The CPF contribution rate for workers 55 years and below is 37%. The worker contribute 20% and the employer 17%. 

For older workers, the contribution rate dropped to 26% (between 55 to 60), 16.5% (between 60 to 65) and 12.5% (above 65%). The reduction applies to employers and workers. 

This table shows the current contribution rates.

The govt has now formed a committee to review the contribution rate. The goal is to increase the contribution rate so that the older workers have adequate savings for retirement. 

Should the contribution rate for the older workers be the same as for the younger workers?

I give my views here.

First, I strongly hold the view that the contribution rate should be the same for all workers regardless of age. Apart from being "fair" to the older workers, it will save a lot of work in calculating the contribution which changes according to age band.
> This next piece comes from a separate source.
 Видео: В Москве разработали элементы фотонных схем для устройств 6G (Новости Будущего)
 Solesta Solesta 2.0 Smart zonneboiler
However, we still need to address the issue of higher cost to the employers. Older workers are considered to be less cost effective than younger workers. They earn higher salaries and become less productive when they get older. 

There is already the mechanism for employers to stop salary increases for older workers or even to adjust the salaries downward on their re-employment. Hence there is no need to cut their CPF contribution rate. 

However, if there is a change now to apply the increase the contribution rate for older workers to the same level as the younger workers, some businesses which are not operating profitably may suffer a cash flow problem. There is a case for the government to give a wage subsidy to the affected businesses to cushion the impact of the higher contribution rate. 

For example, the wage subsidy could be 7% of the wages of older workers. This subsidy can be reduced over time. 

What about the impact on the net take home pay of the workers? This is a more tricky question. Indeed, the workers will contribute more to the CPF and receive a lower take home pay.

I suggest that the worker should be allowed to opt for a lower contribution rate (say 10% or 15%)  after passing age 55. This lower rate is personal to the worker.  This is the rate that the older worker can choose according to his or her personal financial situation. It should not be a rate set by the CPF regulation.

I welcome the move to streamline the CPF contribution for workers and to avoid the different contribution rate set by regulation. 

I hope that my suggestions can be considered for implementation. It will address the issues faced by employers and workers.